This article is from the archives of the UB Reporter.
News

Briefs

Published: May 26, 2011

  • UB Law to dedicate conference center

    Two well-known names in the Buffalo legal community will find a permanent home in the UB Law School when the school’s Cellino and Barnes Conference Center is dedicated on May 26.

    The naming of the Law School’s fifth-floor conference center honors Ross M. Cellino Jr., ’82, and Stephen E. Barnes, ’83. Their $1 million gift in 2009, one of the largest cash gifts UB Law has received, is being invested in student scholarships, teaching technologies and improved student services.

    The conference center, one of the most elegant and widely used facilities in John Lord O’Brian Hall on the North Campus, hosts a wide variety of academic and legal conferences, seminars and continuing legal education courses. The May 26 dedication ceremony, which begins at 5:30 p.m., will feature remarks by, among others, Law School Dean Makau W. Mutua and the honorees.

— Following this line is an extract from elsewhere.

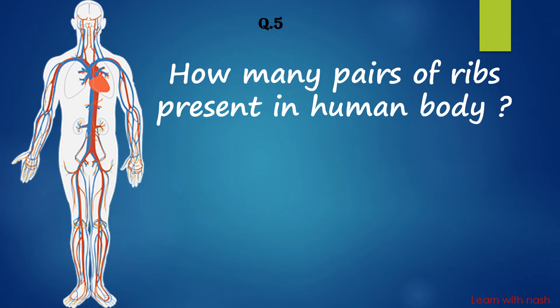How many pairs of ribs are present in the human body? Answer is 12 pairs.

    The UB Council, in its conference center naming proclamation, described Cellino and Barnes, shareholders in the Buffalo-based law firm Cellino & Barnes P.C., as “highly accomplished, successful, civic-minded attorneys who have been good friends and dedicated alumni of UB Law School.”

    Ross Cellino is serving a three-year term as a UB Law School Alumni Association director and actively participates in the school’s mentoring program. Steve Barnes, a former Marine Corps officer and Gulf War veteran, serves regularly as a judge for moot court competitions and for the oral arguments program for first-year students.

    “We made this gift because we are impressed with Dean Mutua and his vision for the school. It’s easy to be loyal to UB Law because it was good to us,” the partners said.

    “The dean has a real vision for the school and the wherewithal to make it happen,” says Barnes. “The thing that drove our final decision was his vision to propel UB Law School into a different category.”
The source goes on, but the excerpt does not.